Mensaje por mossad Junio 28th 2014, 00:51

mmmmm  es un poco irreal que todos hagan el servicio militar nacional , no por falta de patriotismo ,ideales politicos o religiosos , etc sino por cuestiones economicas , Mexico tiene cerca de 110 millones de habitantes , eso se traduce en varios millones de jovenes que alcanzan la edad militar cada año y eso significa dinero , por mas que se ahorre siguen siendo muchos uniformes , comida , trasporte , municiones ( en caso de que incluyera tiro )  etc a mi me encantaria que asi fuera , como en Suiza o Israel pero no tenemos la lana de los suizos ni los enemigos de Israel.

 Ya en asuntos puramente militares , tiene su utilidad aun y cuando la tendencia ( principalmente en Occidente ) es de ejercitos chicos pero voluntarios , incluso en estos 2 ultimos años se ha vuelto a debatir el tema en EU que tiene cerca de 30 años de tener fuerzas armadas 100 % voluntarias , aun y con todos sus recursos durante la guerra de Irak hubo una baja en el reclutamiento , se tuvo que echar mano de mas publicidad y bonos economicos para reenlistarse para cubrir las vacantes , eso y apesar de que EU tuvo relativamente pocas bajas mortales ( menos de 5000 )  una guerra como la de Viet Nam  y su " mala prensa " ( 58 000 bajas mortales ) habria sido devastador para un ejrcito de voluntarios en cuanto a atraer nuevos reclutas.
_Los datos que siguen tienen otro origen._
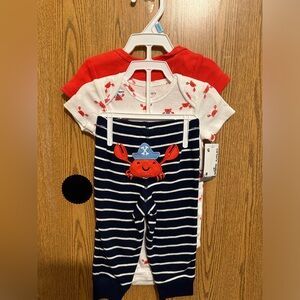 Carter’s baby boy crab outfit. 6 MONTHS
Lo que si hace falta es que los politicos mexicanos tengan mas conocimiento de las fuerzas armadas , en EU una buena cantidad de senadores y representantes populares estuvieron en las fuerzas armadas , ya sean de derecha o izquierda , sigan siendo " halcones o palomas " tienen experiencia , aca en Mexico probablemente ningun politico tiene conocimiento alguno de la milicia ( salvo los pocos exmilitares del comite de las fuerzas armadas ) como resultado de eso los politicos mexicanos no tienen ni p**a idea de lo que necesitan los militares o peor aun como la izquierda que parece tener un resentimiento permanente contra los castrenses.